その後、現地で知り合った土人のおっさん(昔、TVで見た「トムとジェリー」の中に「南国の土人」という白人の植民地主義の偏見に満ちた話があったが、内容が内容だけに今TVで見ることができない。というわけでわざと「土人」という言葉を使いました。)と旅をするのだが、この土人のおっさんが白人の坊主に気をきかせて肉料理を振舞うのだが、それは息子のかわいがっていた犬であったという、学校で見せる映画にしてはえらく残酷なフジテレビ系東海テレビ制作の昼のメロドラマのようなエピソードがはさまれる。 息子は激怒し、
「このうす汚い黒奴め、地獄へ堕ちろ!」
のような罵詈雑言は吐かなかったけど、まあ、喧嘩別れする。土人のおっさんは、
「俺様が親切で肉を食わせてやったのに、この白ん坊のガキは何を怒っているんだ。やっぱ白人はわかんねーや。」
みたいな不可解な、でも多少かなしそうな顔をして去っていく。
息子はさらに、何かの鳥の卵を太陽で熱く焼かれた石のうえで割り、目玉焼きをこしらえるなどのサバイバルを続けていく。きっとお腹を壊したことと思う。

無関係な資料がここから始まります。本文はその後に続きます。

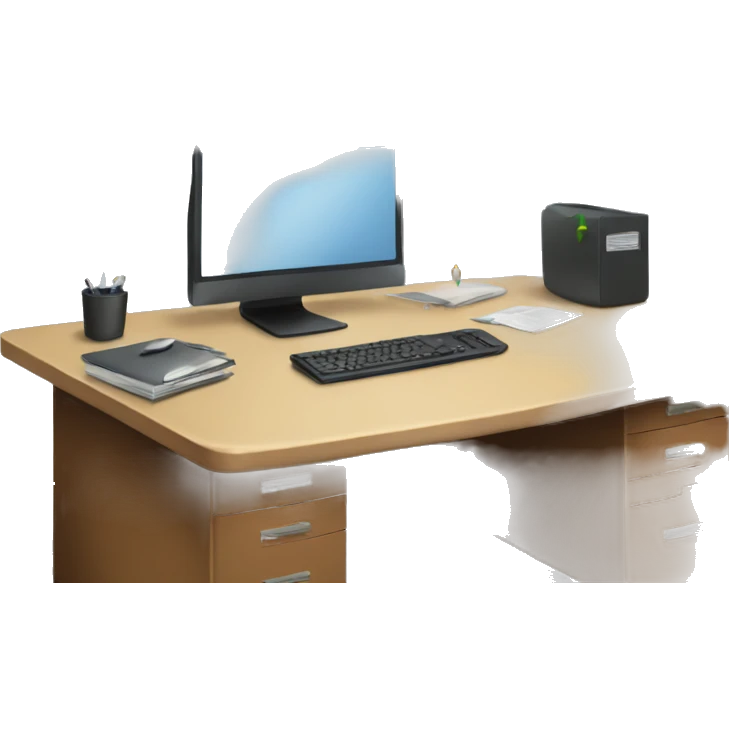 Office desk emoji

実は、その鳥は先述の土人のおっさんがかわいがっていた鳥であり、今度はおっさんが悲しむという展開には映画のテーマは「文明の衝突」ではないので、ならない。
そうこうしているうちに、どこかで寝ている息子を捜査隊が発見し、息子は無事にパパと再会できるのであった。
映画は、「男は砂漠を経験することで一人前になるのだ。」のメッセージとともに幕を閉める。

時は大きく流れ1998年。エジプトでの一年の日本語教師の任務を終えて、帰国する時、私の脳裏に20年の空白をこえてこの言葉がよみがえった。
「男は砂漠を経験することで一人前になるのだ。」
私は一人前になったであろうか。